Обладательница «Оскара» – о том, как она напугала коллегу по съёмочной площадке и работала над ролями
Сначала она покорила театральную сцену, затем появилась на телеэкранах, в австралийских сериалах, и только потом затеяла роман с большим экраном, который ответил ей взаимностью. Кажется, этой кинодиве подвластны все жанры и формы: она уже получила «Оскара», у неё три «Золотых глобуса». Критики убеждены: Кэтрин Элиc Бланшетт наиболее убедительно из всех актрис сыграла королеву Елизавету. Корона ей к лицу – это несомненно. Но что кроется за горделивой осанкой, надменным взглядом и аристократическим высокомерием, застывшим на плёнке? Быть может, ответ даст новая картина с участием звезды, которая сейчас идёт в российском прокате?
– Итак, перед нами очередная ваша работа – «Золушка», красивая диснеевская сказка. Но ваша роль далеко не положительная – вы играете мачеху. Сколько об этой зловредной даме сказано, написано и тем более снято фильмов! Но вы согласились на этот творческий эксперимент...
– Играть зловредную мачеху? В этом весь смак актёрского ремесла! Да, мне, любящей матери троих сыновей и дочери, сложновато выступать в роли самовлюблённой эгоистки, но на то оно и кино, чтобы в нём иногда становиться хуже себя самой. Или лучше...
– А были и такие персонажи, которые лучше вас самой?
– В моём послужном списке множество разноплановых героинь, и большая часть из них... Не то чтобы лучше меня, но в них заложены такие характеристики, которых во мне или нет, или же я на них просто не обращаю внимания. Кино вообще старается воспитать во мне самые лучшие качества: смирение, самоотверженность. Сильные личности способны на волевые поступки, мне же выпало счастье их сыграть, прожить их жизнь на экране. Но, к счастью, мой спокойный и довольно-таки однообразный ход жизни не даёт мне повода для бытового героизма. Что же касается мачехи из фильма «Золушка», я постаралась отыскать в себе нечто противное, но одновременно с тем манящее, что может быть в каждой женщине, и буквально вывалила это на своих партнёров.
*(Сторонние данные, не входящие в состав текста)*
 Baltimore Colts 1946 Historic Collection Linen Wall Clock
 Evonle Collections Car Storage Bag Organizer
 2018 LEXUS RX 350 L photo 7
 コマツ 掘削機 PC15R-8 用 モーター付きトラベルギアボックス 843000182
Бедняжка Лили Джеймс (исполнительница роли Золушки. – Прим. ред.) иногда была в ужасе от... Нет, не от меня, а от моей героини! И чтобы как-то усугубить полученный результат, я иногда сознательно не стирала «маску» после съёмок, иногда давала повод своей падчерице по фильму видеть некую пропасть меж нами. И бедная девушка даже терялась, не всегда понимала: может, я и вправду такая – властная, жестокая, своенравная назло всем и вся? Однако эта игра продолжалась недолго, и Лили в конце концов поняла, что я на самом деле добрейшей души человек. А с чего мне в реальности быть такой озлобленной? Мне всего в этой жизни хватает. И внимания – в семье и в обществе, и радости – те же дети – это большое счастье, а когда их четверо, начинаешь иначе смотреть на мир, у тебя вырабатываются другие ценности.
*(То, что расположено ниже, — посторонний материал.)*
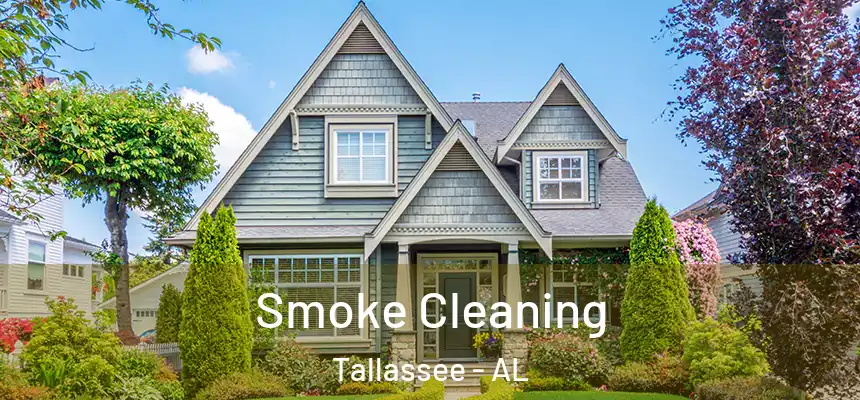  Smoke Cleaning Tallassee - AL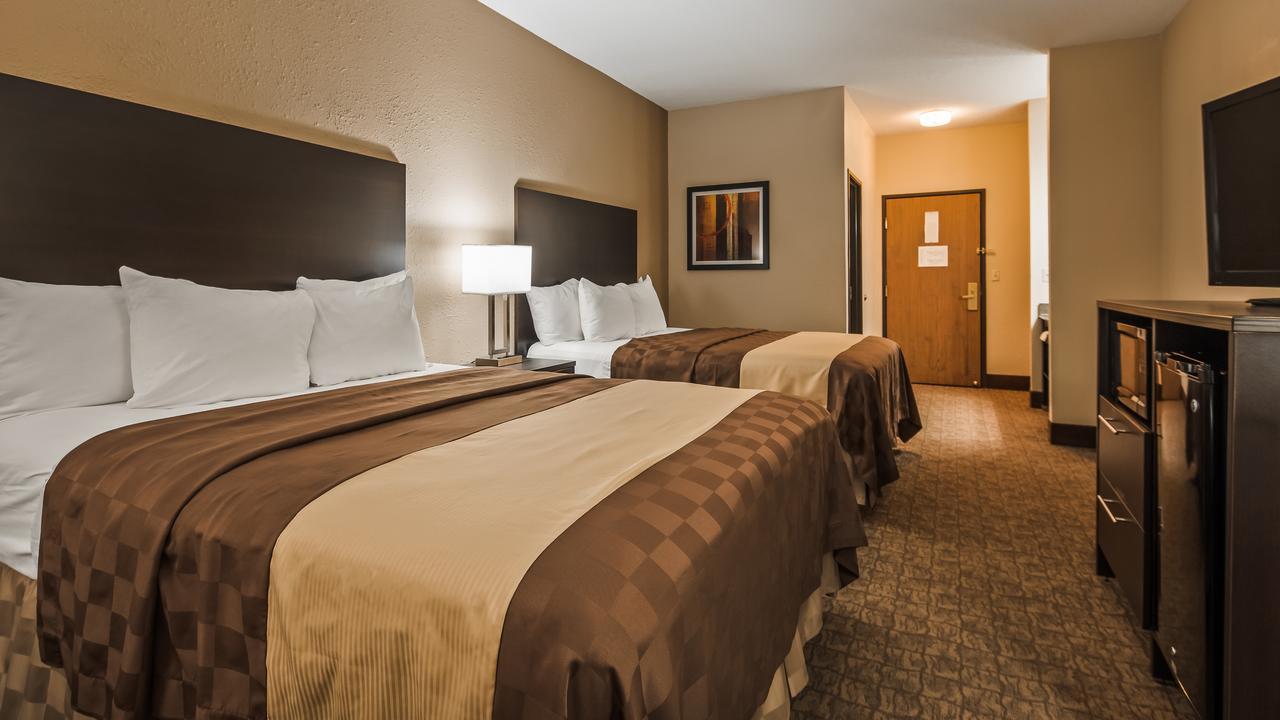 Best Western Teal Lake Inn Mexico Exterior photo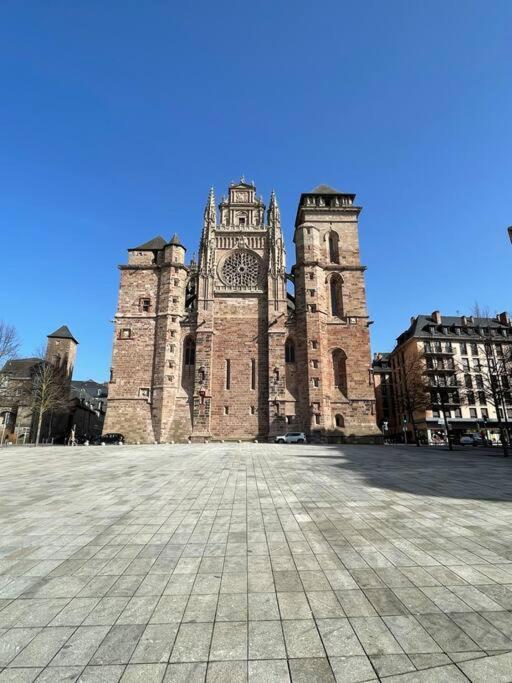 Le Coeur De Rodez Apartman Kültér fotó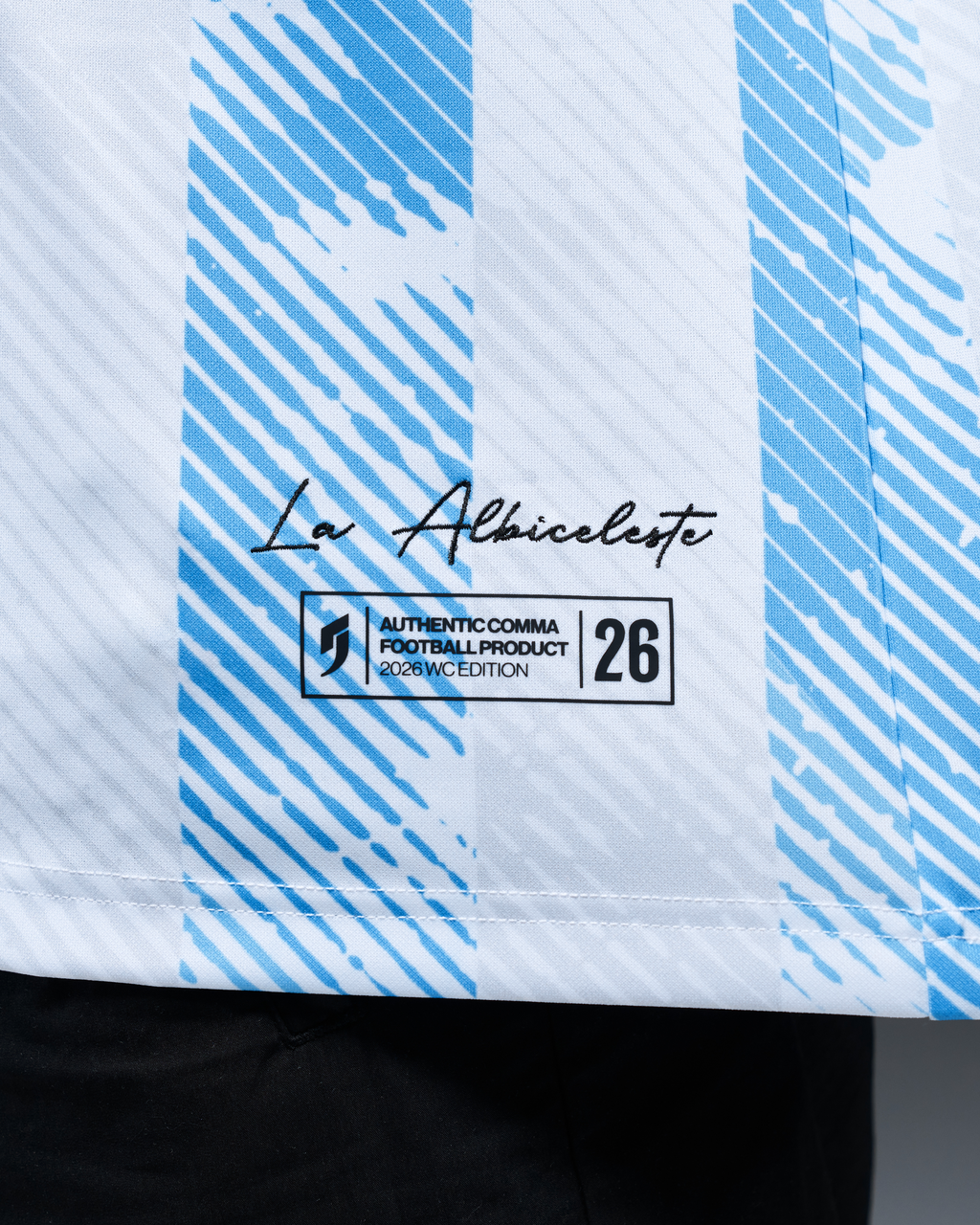 Argentina Heritage Jersey (2026WC Edition)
– «Золушка» не первая сказочная история в вашей кинокарьере...
– О да, кинематограф дал мне шанс пережить заново все мои детские страсти, осуществил почти все мои детские фантазии. Какая же уважающая себя девушка не мечтает стать длинноволосой эльфийкой, которая болтает что-то на своём языке, чудо как скромна и обаятельна... А уж тем более – королевой эльфов! Галадриэль – это прекрасно: для меня вся эта история с эльфами и хоббитами, великанами и живыми деревьями, которые ходят и разговаривают, как одно большое сказочное действо! Однако «Золушка» всё-таки не из сказок по Толкину: здесь социальный фактор играет далеко не последнюю роль, моя героиня в этом фильме «из плоти и крови», абсолютно реальна. Мне иногда кажется, что если снять с неё все эти разнопёстрые старинные одежды, то мы получим обычную моралистку из дня сегодняшнего, которая не склонна к сантиментам, властолюбива, жестокосердна... негодяйка одним словом. «Золушка» социализирует наше понимание сказки, здесь важен не внешний антураж, не полный уход от реальности, как во «Властелине колец»...
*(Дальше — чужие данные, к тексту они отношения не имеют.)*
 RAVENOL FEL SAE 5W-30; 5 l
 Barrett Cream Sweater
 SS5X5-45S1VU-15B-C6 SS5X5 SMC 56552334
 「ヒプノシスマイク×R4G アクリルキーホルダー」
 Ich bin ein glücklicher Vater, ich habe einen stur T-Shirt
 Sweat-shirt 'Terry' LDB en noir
История мачехи из «Золушки» мне понятна. Моя героиня – это комок нервов: думаю, её озлобленность и ненависть по отношению к Золушке больше, чем неприязнь к одному человеку. Бедная девушка просто, что называется, под руку подвернулась. Мне кажется, моя героиня – глубоко несчастный человек. Жить с нелюбимым мужем... В чём корень её озлобленности на весь мир? Этот момент меня давно увлекал: мне всегда было интересно, неужели она – в моём случае её зовут леди Тремейн – в жизни такое злое существо? У неё же две дочери, или материнство не лечит от этой бытовой злобности? Наверное, сколько людей, столько и рецептов счастья.
В моей семье, в которой я выросла, в которой живу сейчас, такого просто быть не могло. Мне казалось, такая модель поведения свойственна людям отчуждённым, социопатам, которые ставят своё «я» выше окружающих и несут его как корону. А тут... И ведь персонаж вроде бы простой, доступный, но вникаешь в него – и слово за словом, строка за строкой, страница за страницей – осознаёшь: это же просто какое-то непаханое поле! Можно сыграть личность экзальтированную, с внутренним миром бунтаря, вечным вызовом обществу и себе в том числе, но здесь...
– Вы разобрали этот образ по косточкам. Если эта ваша героиня живёт по принципу некоего вызова, то к кому он обращён?
– Наверное, тут работает стереотип восприятия образа мачехи: мол, мачеха в любом случае не мать и не может быть до конца честной, открытой, душевной по отношению к своей падчерице. По мне, так это... надуманно. Наверное, так жили во времена братьев Гримм и других сказочников, но сейчас мачеха может быть гораздо нежнее и добрее, чем мать. Эта сказка – вообще какой-то психологический театр: здесь интересно было бы прожить все роли. У каждой из героинь своя судьба, у каждой – своё понимание, что хорошо и что плохо.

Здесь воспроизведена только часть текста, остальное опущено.